Revenues for the second quarter were $67.3 million, compared with $71.0 million in the prior year, a decrease of 3 percent in constant currency (a non-GAAP presentation described below under "Non-GAAP Financial Measures") and 5 percent on a reported basis. Revenues were $40.2 million in the Americas (up 5 percent sequentially and down 1 percent versus the prior year on a reported basis), $22.8 million in Europe (up 3 percent sequentially; flat versus the prior year in constant currency and down 5 percent versus the prior year on a reported basis), and $4.3 million in Asia Pacific (down 2 percent sequentially; down 26 percent versus the prior year in constant currency and down 31 percent on a reported basis versus the prior year, or $1.9 million). Currency negatively impacted reported revenues by $1.5 million versus the prior year.

ISG reported second-quarter operating income of $3.3 million, up $4.0 million sequentially and compared with operating income of $4.2 million in the prior year. Net income was $0.4 million, compared with net income of $2.4 million in the second quarter of last year. Reported fully diluted earnings per share was $0.01, compared with fully diluted earnings per share of $0.05 for the same period in 2018.

Adjusted net income (a non-GAAP measure defined below under "Non-GAAP Financial Measures") for the second quarter was $3.2 million, or $0.07 per share on a fully diluted basis, compared with adjusted net income of $5.7 million, or $0.12 per share on a fully diluted basis, in the prior year's second quarter.

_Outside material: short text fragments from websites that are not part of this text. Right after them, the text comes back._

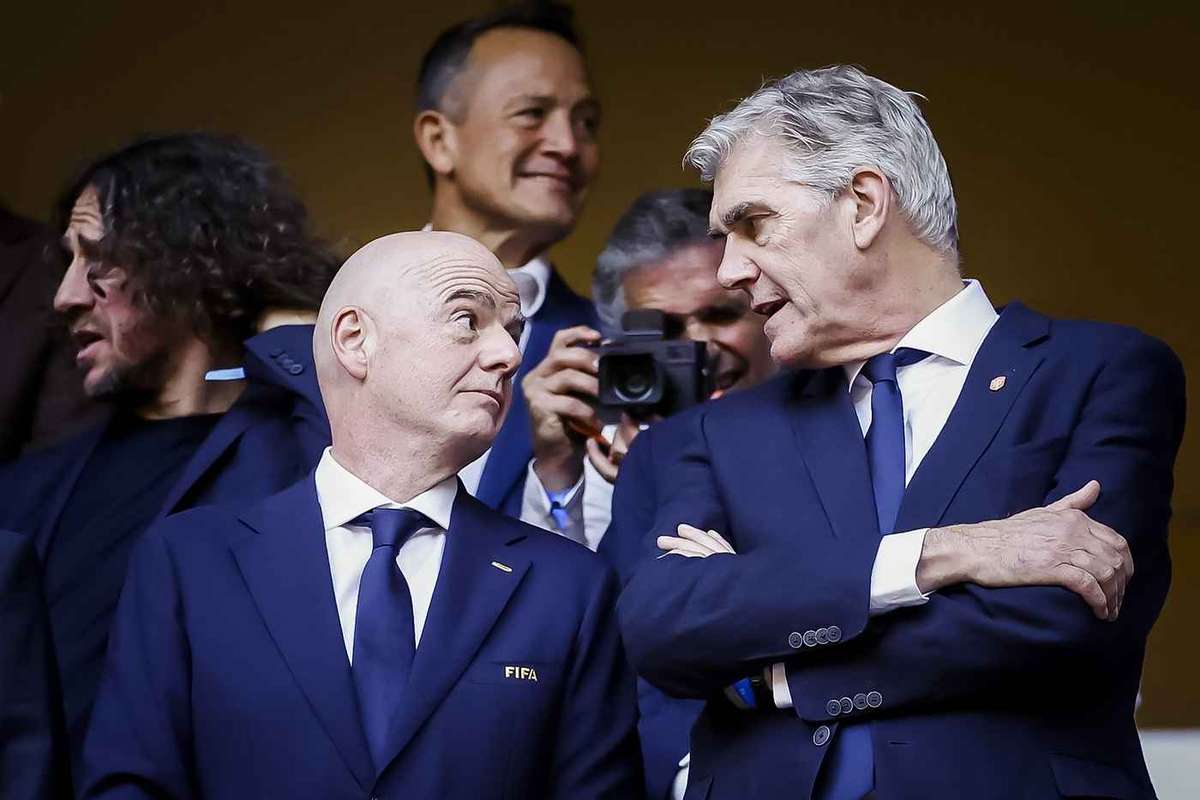荷兰足协炮轰FIFA:20亿美元计划“越界”,足球灵魂不可交易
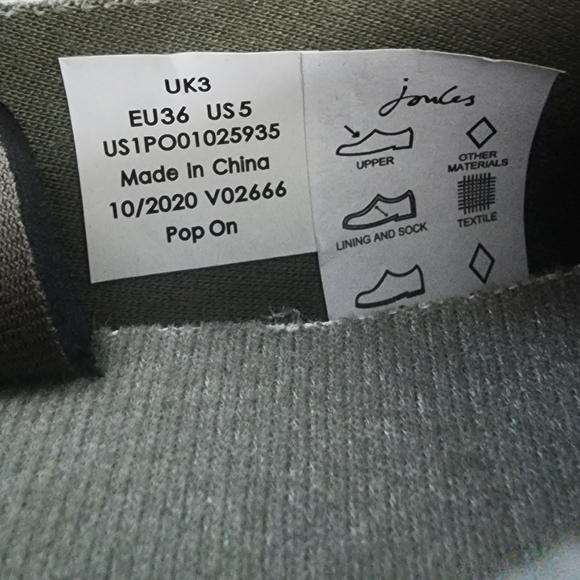 Joules - Women's Pop-On - Picture 5 of 5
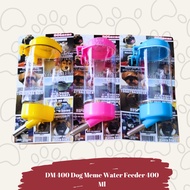 DM 400 Dog Meme Water Feeder 400 Ml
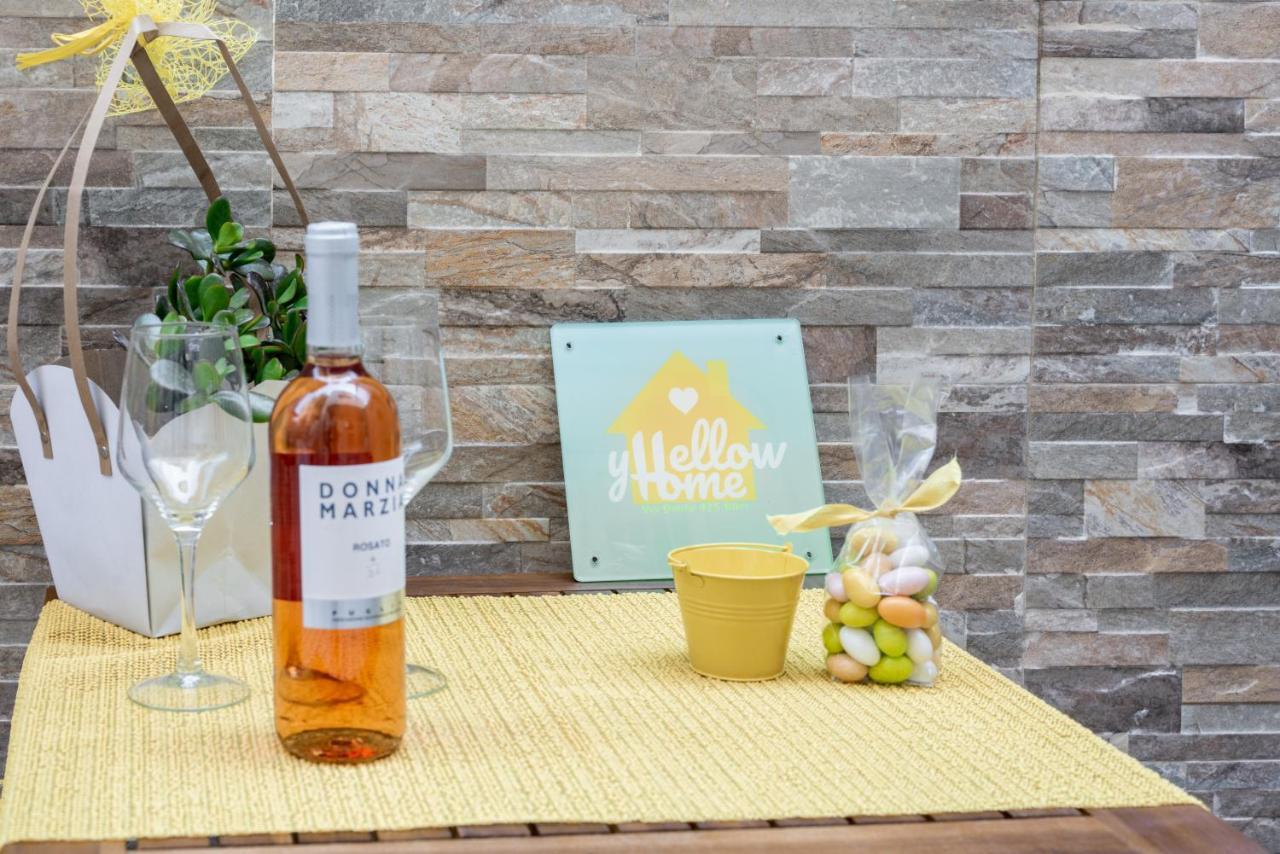 Yhellow Home Comfy Apartment Bari Dış mekan fotoğraf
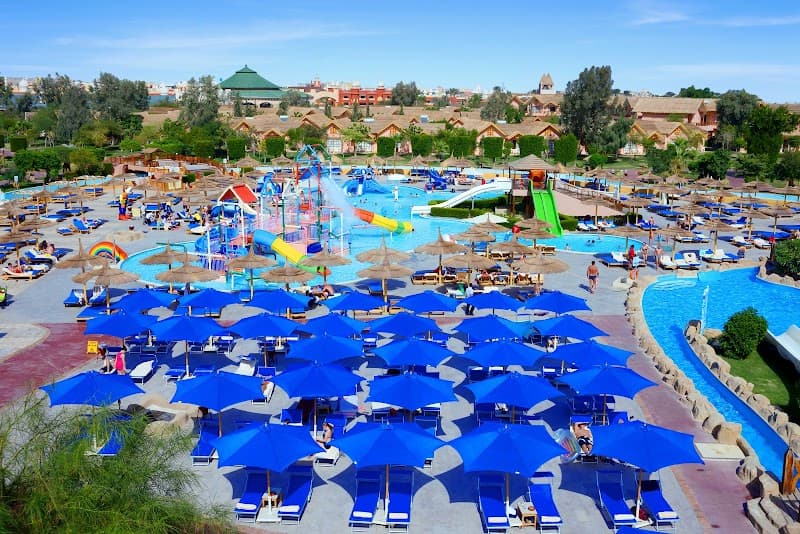 Pickalbatros Jungle Aqua Park Resort - Neverland Hurghada photo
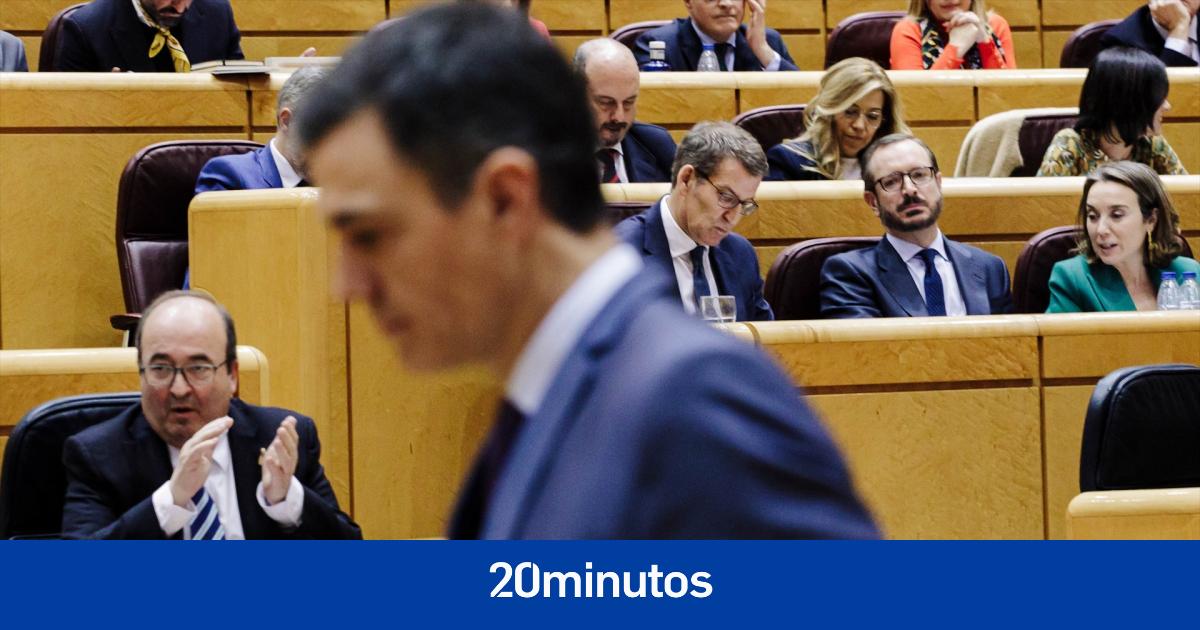 El PSOE aceptará enmiendas del PP para cerrar su apoyo a la reforma de la ley del ‘solo sí es sí’ El PSOE aceptará enmiendas del PP para cerrar su apoyo a la reforma de la ley del ‘solo sí es sí’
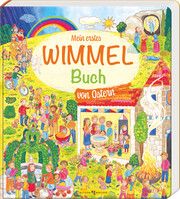 Mein erstes Wimmelbuch von Ostern Lörks, Vera 9783766636560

Second-quarter 2019 adjusted EBITDA (a non-GAAP measure defined below under "Non-GAAP Financial Measures") was $8.1 million, more than double that of the first quarter and compared with $9.8 million in last year's second quarter.

Other Financial and Operating Highlights

ISG cash and cash equivalents totaled $10.4 million at June 30, 2019, down $3.2 million from March 31, 2019. During the second quarter, ISG repurchased $1.7 million of stock and paid $0.9 million in contingent consideration for prior acquisitions. Total outstanding debt as of June 30, 2019, was reduced 12 percent, to $97.0 million, versus $110.2 million as of June 30, 2018.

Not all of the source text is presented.